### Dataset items
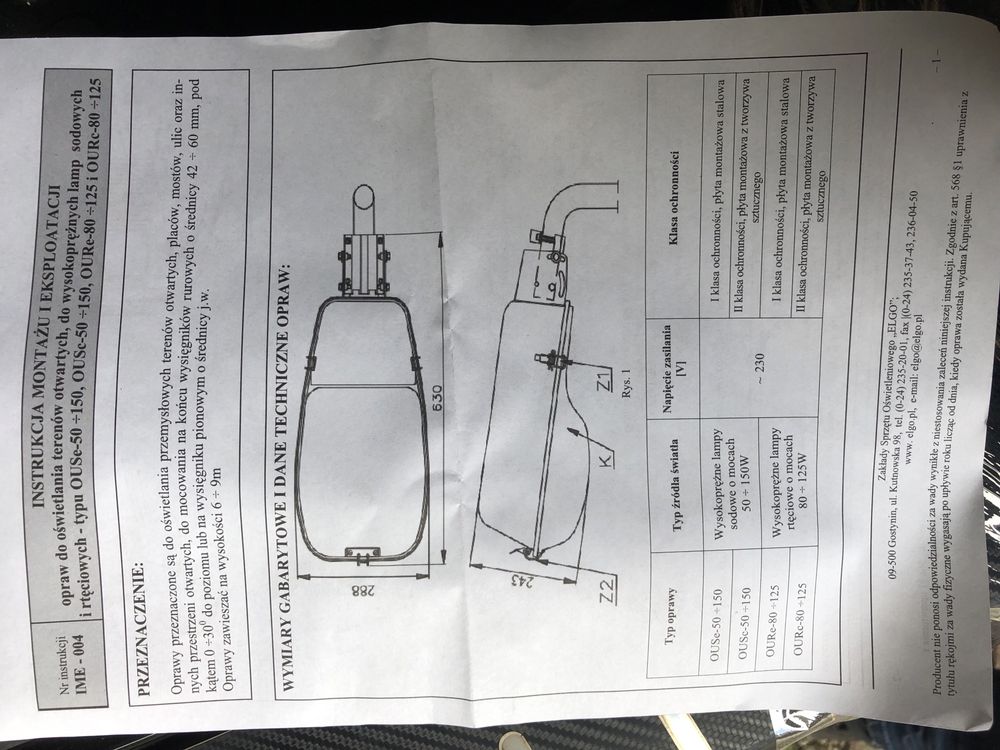 Nowa Lampa latarnia oprawa lampy sodowa+ 2 zarowki Gratis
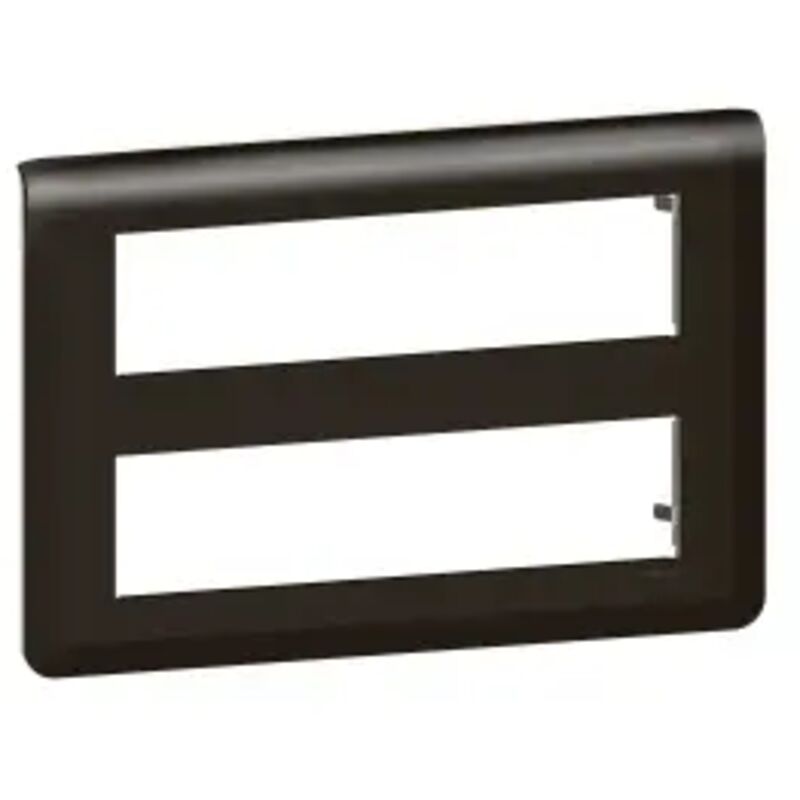 Plaque de finition Mosaic pour 2x8 modules noir mat LEGRAND 079077L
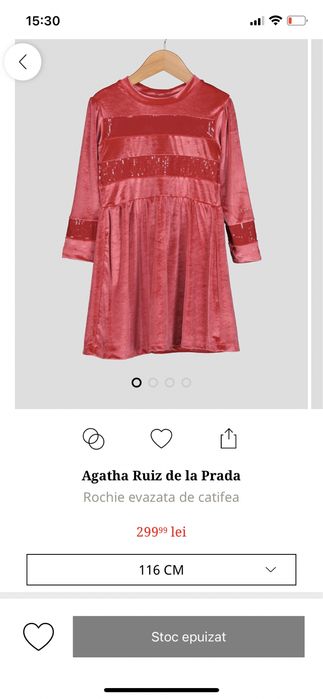 Rochita catifea rosie agatha ruiz de la prada fete (116)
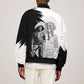 Nat Love Sleeve Zip Bomber Jacket Deadwood Dick Legendary Black Cowboy - Famous Outlaw Quote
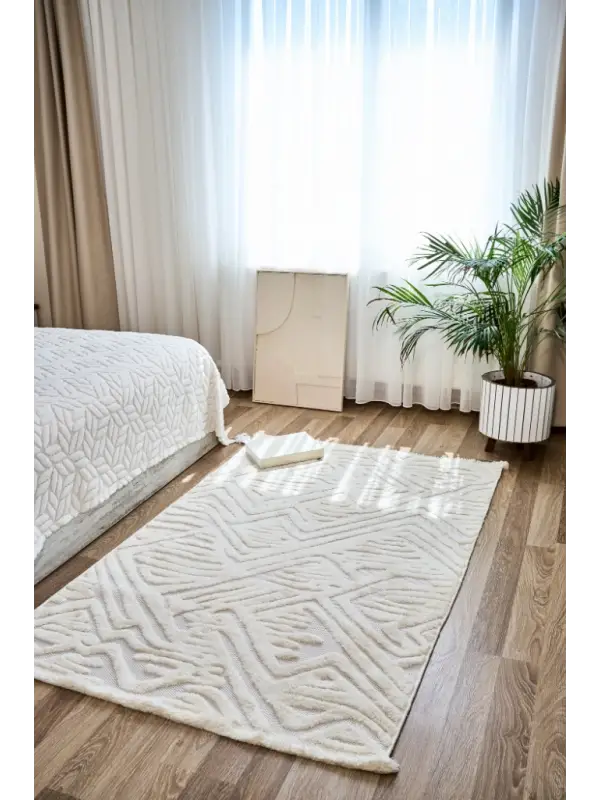 Apex Orion 4221 Krem Makine Halısı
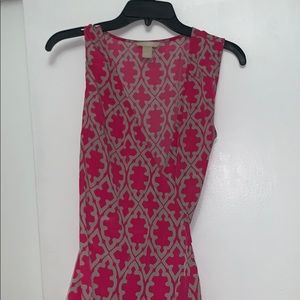 Banana republic print wrap around dress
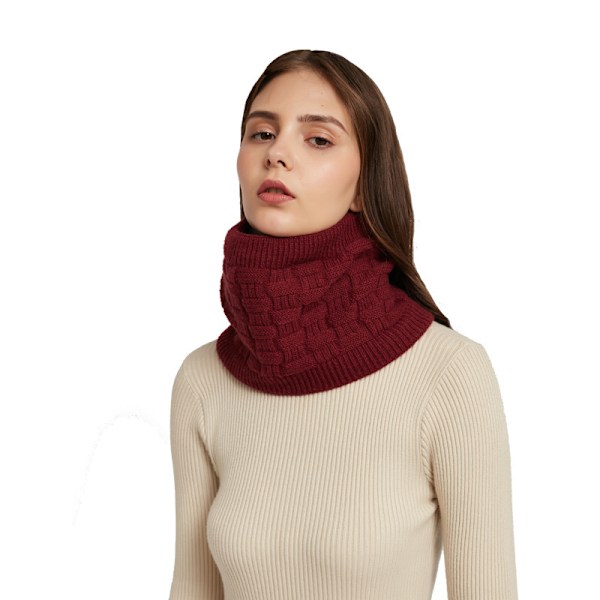 Unisex Høst Vinter Myk Vaskbar USB Oppladbar Oppvarmet Halsvarmer Sykkel Halsvarmer By Burgunder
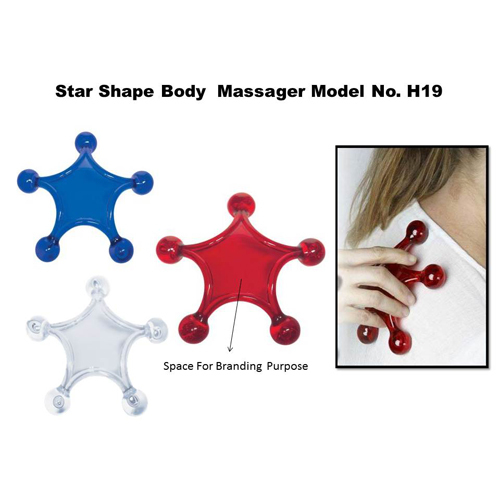Red Star Shape Body Massager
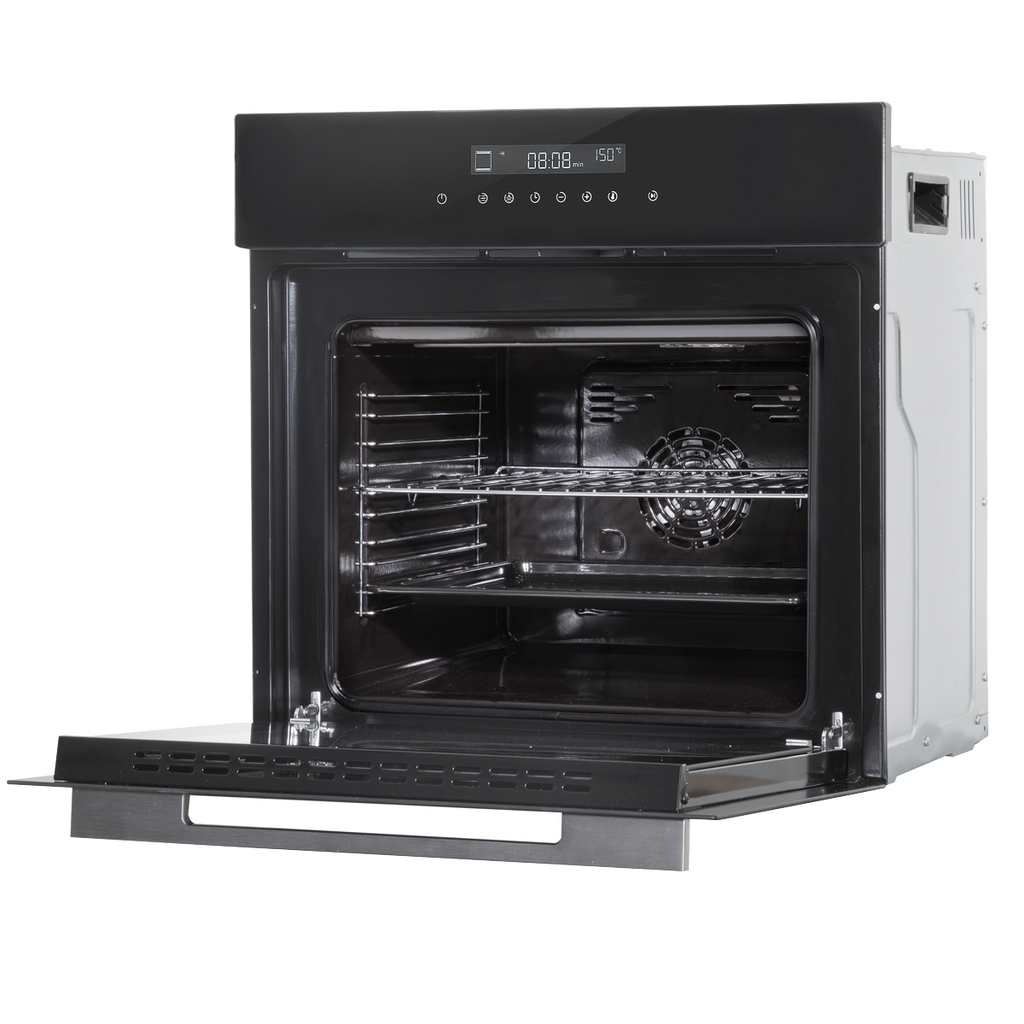 Integrated Fan-Assisted Electric Oven 60cm 72L Capacity - Black DH199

### WHAT YOU WILL DO
Only the lines from the first line of the data above through the line with "Apex Orion 4221 Krem Makine Halısı" should appear in the answer, retyped exactly, with every picture left out.

### EXERCISE SOLUTION
 Nowa Lampa latarnia oprawa lampy sodowa+ 2 zarowki Gratis
 Plaque de finition Mosaic pour 2x8 modules noir mat LEGRAND 079077L
 Rochita catifea rosie agatha ruiz de la prada fete (116)
 Nat Love Sleeve Zip Bomber Jacket Deadwood Dick Legendary Black Cowboy - Famous Outlaw Quote
 Apex Orion 4221 Krem Makine Halısı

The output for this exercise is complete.